A Taste of Italy in Every Bite

Amari’s in Sandwich features new chef, top service and imported ingredients

By Katie Lofblad

I am very glad when I see a lot of empty plates coming back,” says Chef Gennaro Sferrazzr of  Amari Bar and Ristorante in Sandwich.

Sferrazzr joined the Amari family in March, and ever since, Amari’s has raised the culinary bar. Born in Naples, Italy, Sferrazzr attended culinary school on the Italian island of Ischia, near Capri, before moving to America in 1988. Since then, he has built a loyal following for Italian cuisine lovers across the Cape.

Amari_MG_3803Authenticity and attention to detail are the key components to Amari’s success.

“I care about the people who come in the restaurant,” says Sferrazzr. “The first step is the service. The second step is very good bread. The first bite of bread must be delicious, because if the bread is no good, you’ve already made up your mind,” says Sferrazzr. “I care about the first bite.”
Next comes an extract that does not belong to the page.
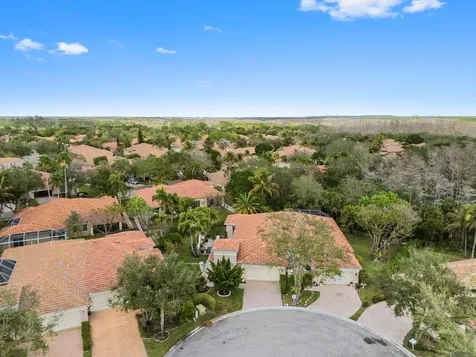 2395 Kemps Bay West Palm Beach FL 33411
Amari’s certainly doesn’t cut corners on flavor. Tomatoes, meats, and cheeses are imported directly from Italy, so true Italian flavors are never compromised. Fresh ingredients are at the heart of Sferrazzr’s dishes.

Amari’s is constantly improving its menu, based on customer feedback and new recipes Sferrazzr brings back from his yearly pilgrimages to Italy.
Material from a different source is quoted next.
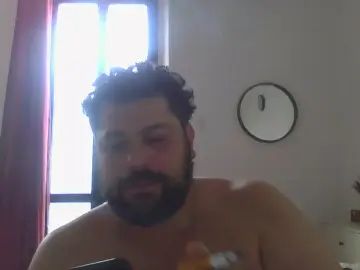 Gay sex chat with giuseppelov85si - camgaychat.com - Italy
“When I visit my family, they cook those traditional dishes and they take their time,” says Sferrazzr. “Some dishes take long to cook, but in Italy, people take their time. We appreciate it more.”

Immediately upon entering Amari’s, you feel as though you’ve been transported to the Italian countryside. The rich aroma of sautéed tomatoes and garlic waft from the restaurant’s open kitchen. The Tuscan-style decor creates a warm and inviting atmosphere. Enjoy a glass of wine next to Amari’s stone fireplace while seated on one of the restaurant’s comfortable leather chairs. Murals painted by a Falmouth artist are inspired by photos from the Mediterranean that owner Bob Hixon took on a trip to Italy.

Diners have a range of choices from the restaurant’s large menu, which features a variety of Italian classics. My journey began with the rollatini di melanzane as an appetizer. Pan-fried eggplant is rolled and stuffed with roasted red peppers, grilled zucchini, spinach, ricotta cheese and topped with melted buffalo mozzarella and marinara sauce. Each ingredient could be appreciated distinctly and together they create a harmonious mixture—unlike anything I have ever tried before.

I also sampled one of Amari’s most popular entrees, the clams a’la calabrese, which features sautéed fresh whole clams, Italian sausage, caramelized sweet onions, roasted red peppers, white wine, Italian parsley, and a touch of hot peppers over linguini. The seasonings only complemented the perfect seaside Italian dish.

After my meal, I was presented with the restaurant’s most popular dessert: the chocolate ecstasy. A house-baked chocolate cake layered with a mocha mousse and encased with chocolate ganache—it lived up to its name! Big enough to share, each bite (which I repeatedly claimed would be my last) was more luxurious and indulgent than the one before it.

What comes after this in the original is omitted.